◆ DIRECTIONS FOR THIS TASK: Every line from the one containing "ЗП автомобільне WK" to the end of the records below must be copied exactly, and no pictures may be included.
[MATERIAL PROVIDED Boundary: Start]
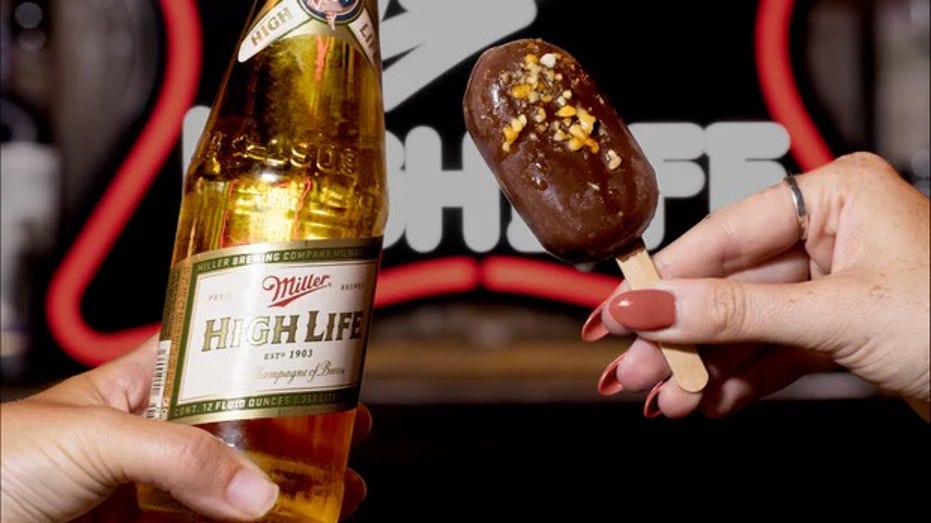 Dive bar flavored ice cream next to a Miller High Life beer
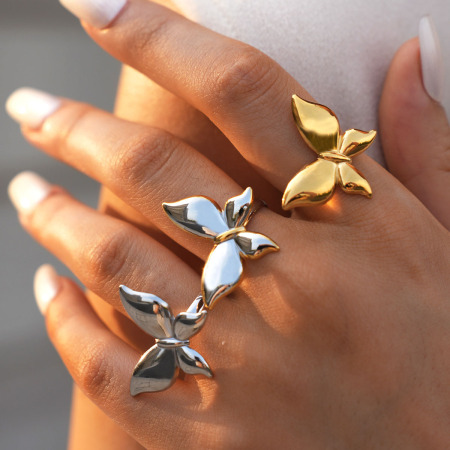 Bague tendance en acier inoxydable imperméable, collection Simple Series, motif animal décontracté.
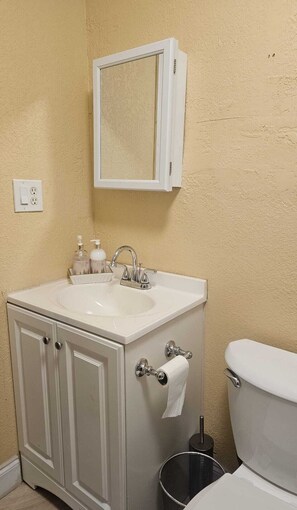 Shower, towels, soap, shampoo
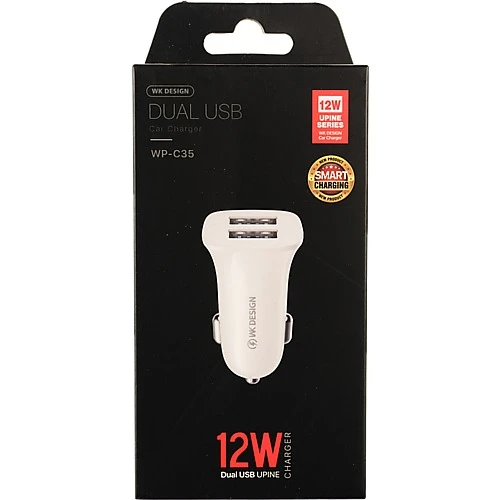 ЗП автомобільне WK WP-C35 Upine 12W 2USB. білий
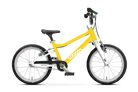 The Woom Go 3 from CyclErie is a lightweight kids’ bike for ages 4+ featuring a yellow frame, white fork, black handlebars and seat, 16-inch wheels, and woom in white on the frame—perfect for young riders.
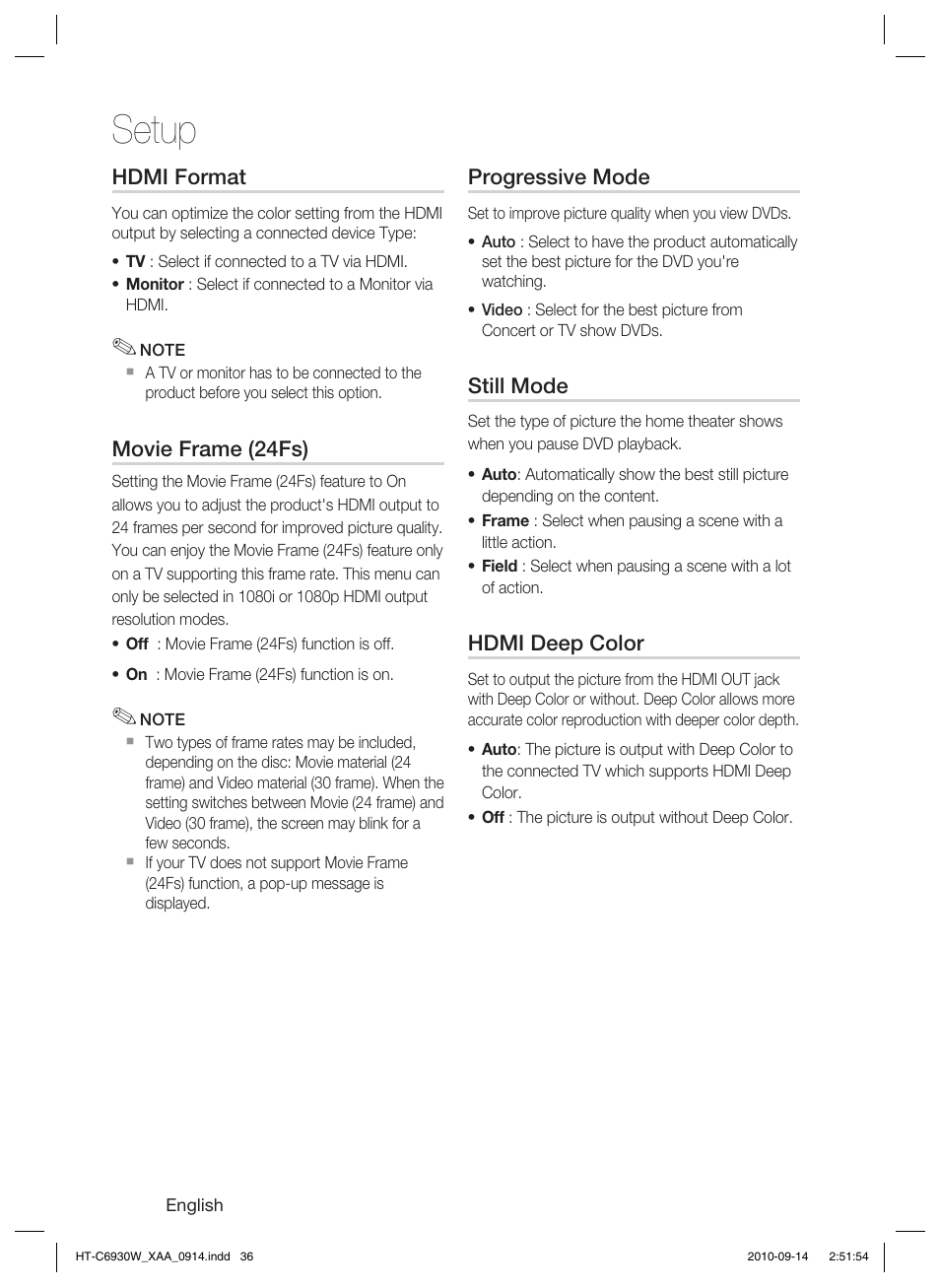 Hdmi format, Movie frame (24fs), Progressive mode | Still mode, Hdmi deep color, Setup | Samsung HT-C6930W User Manual | Page 36 / 74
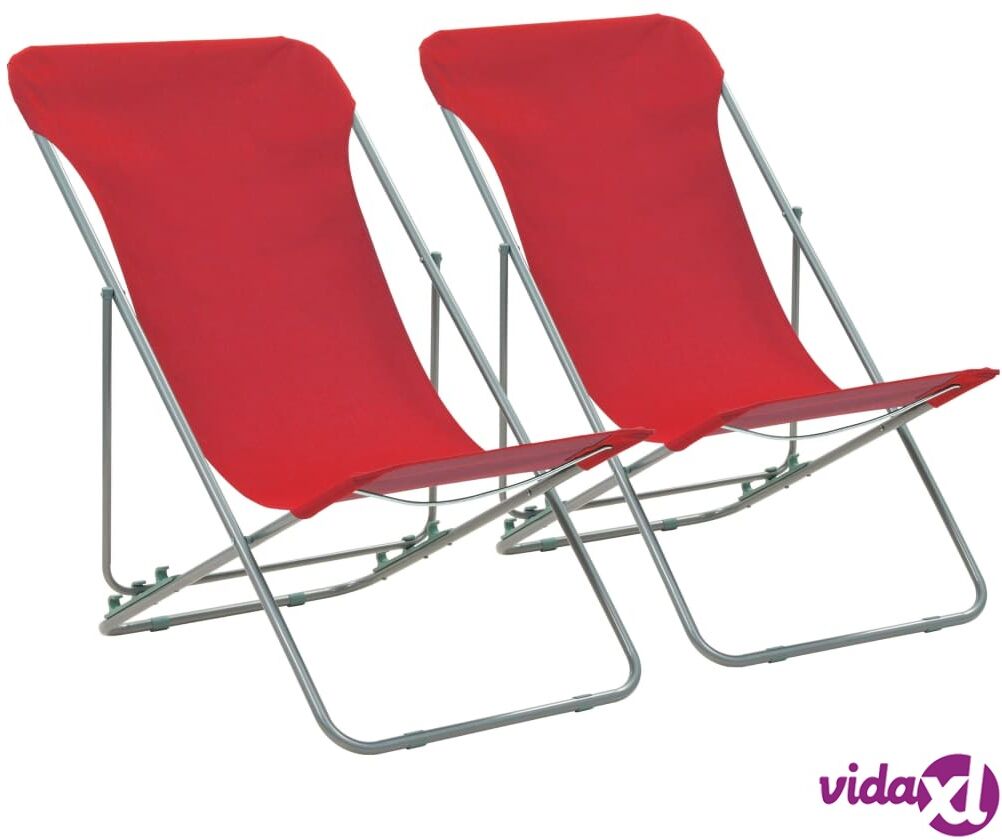 vidaXL Folding Beach Chairs 2 pcs Steel and Oxford Fabric Red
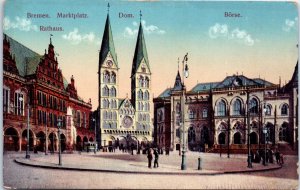 1910s Market Square Rathaus Borse Bremen Germany Postcard
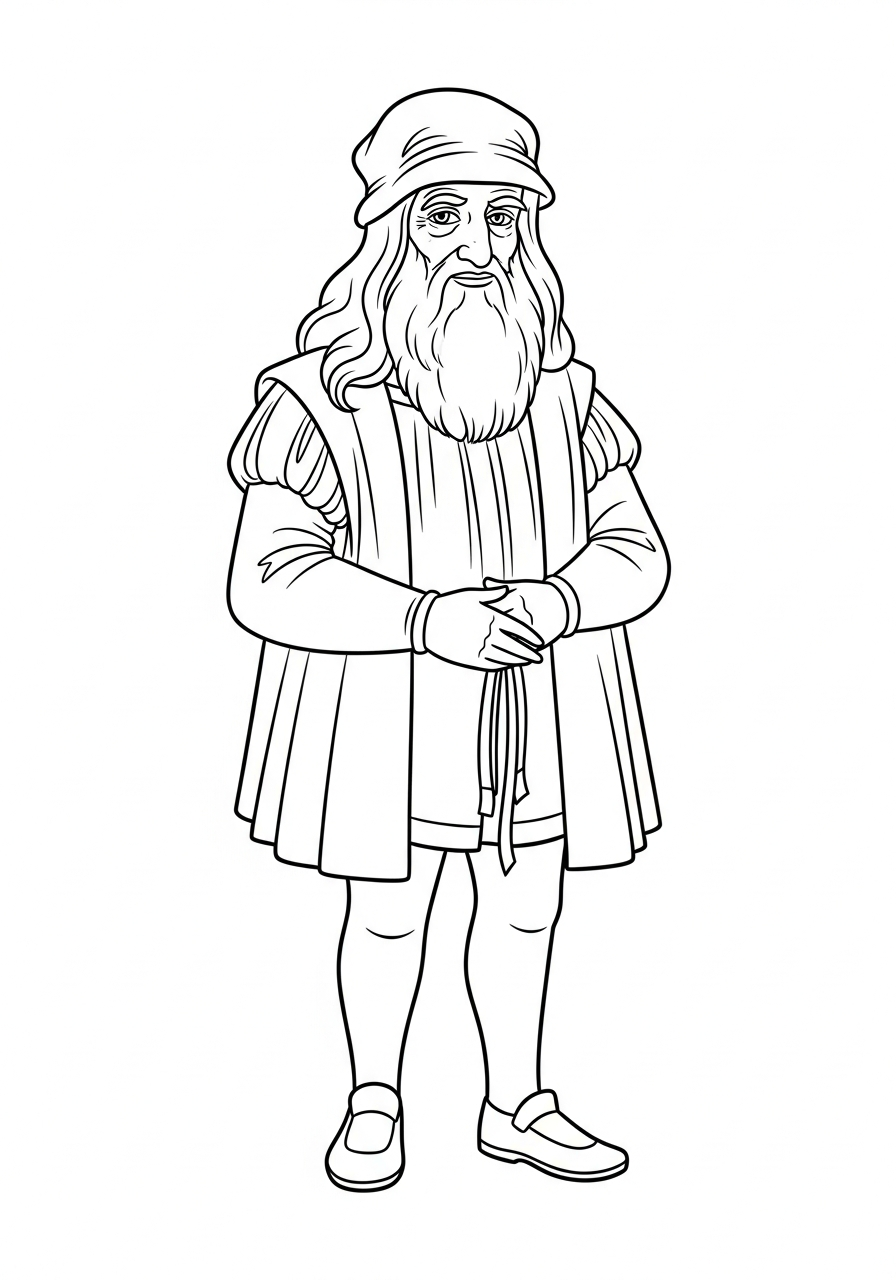 disegni da colorare per bambini pdf Leonardo da Vinci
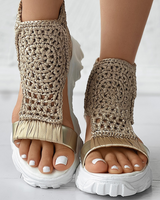 Gestrickte Damen-Sommersandalen - Bequem und schick – Gold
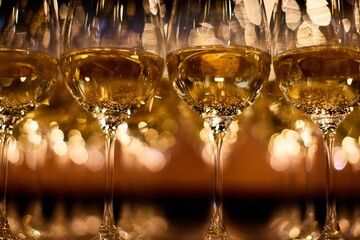 Elegant Wine Glasses with Wine on a Table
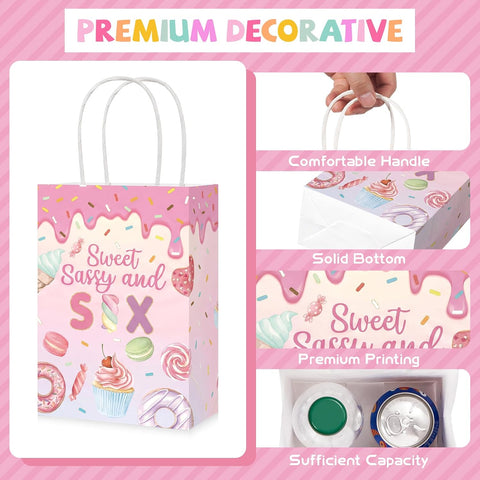 16Pcs Donut 6th Birthday Party Favor Bags Six is so Sweet Goodie Bags - Grencian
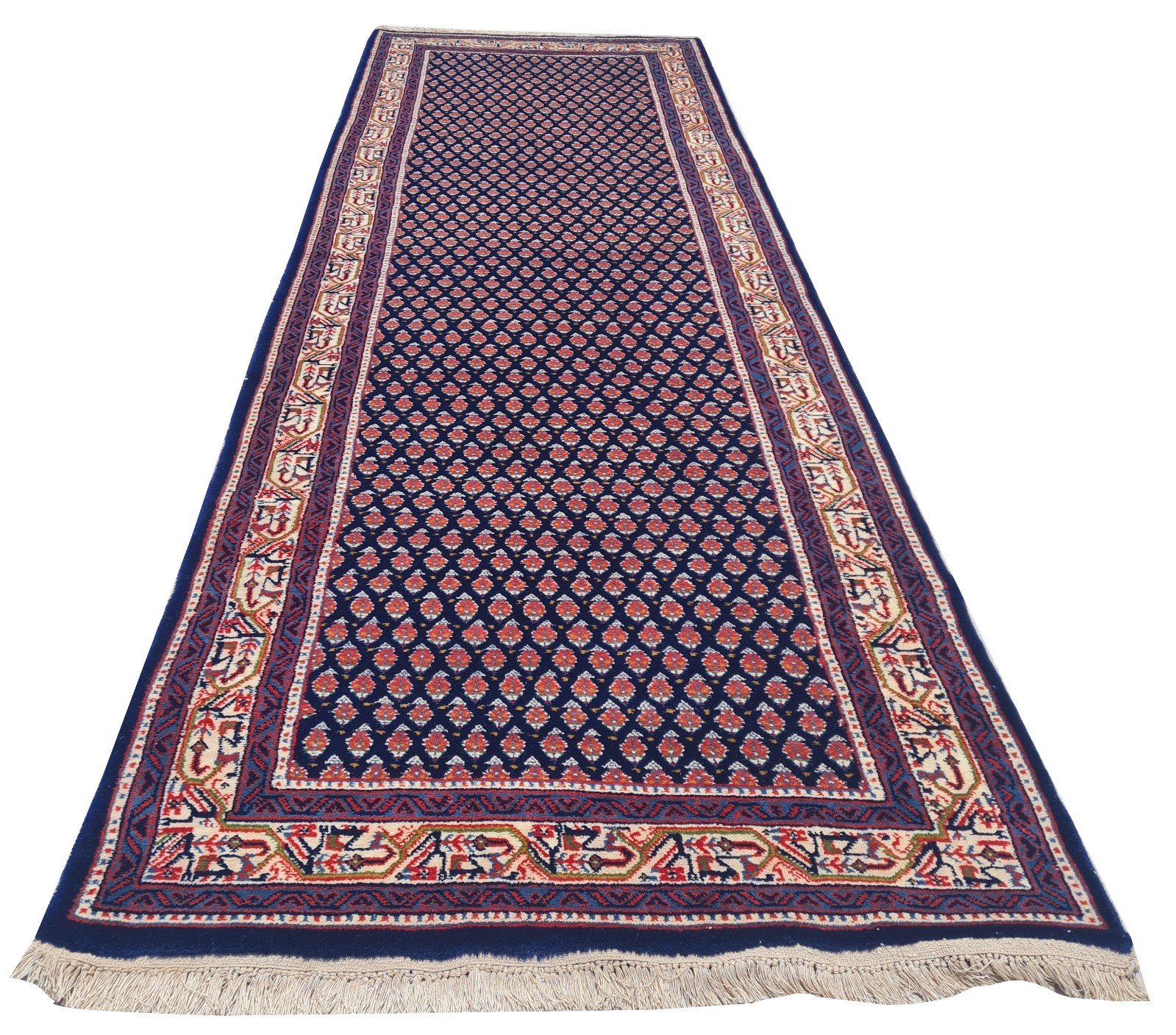 Rare Hand Knotted Vintage Tribal Badam Gul Mir Wool Area Runner Rug 8 x 3 Ft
[MATERIAL PROVIDED Boundary: End]
◆ ANSWER SPACE:
 ЗП автомобільне WK WP-C35 Upine 12W 2USB. білий
 The Woom Go 3 from CyclErie is a lightweight kids’ bike for ages 4+ featuring a yellow frame, white fork, black handlebars and seat, 16-inch wheels, and woom in white on the frame—perfect for young riders.
 Hdmi format, Movie frame (24fs), Progressive mode | Still mode, Hdmi deep color, Setup | Samsung HT-C6930W User Manual | Page 36 / 74
 vidaXL Folding Beach Chairs 2 pcs Steel and Oxford Fabric Red
 1910s Market Square Rathaus Borse Bremen Germany Postcard
 disegni da colorare per bambini pdf Leonardo da Vinci
 Gestrickte Damen-Sommersandalen - Bequem und schick – Gold
 Elegant Wine Glasses with Wine on a Table
 16Pcs Donut 6th Birthday Party Favor Bags Six is so Sweet Goodie Bags - Grencian
 Rare Hand Knotted Vintage Tribal Badam Gul Mir Wool Area Runner Rug 8 x 3 Ft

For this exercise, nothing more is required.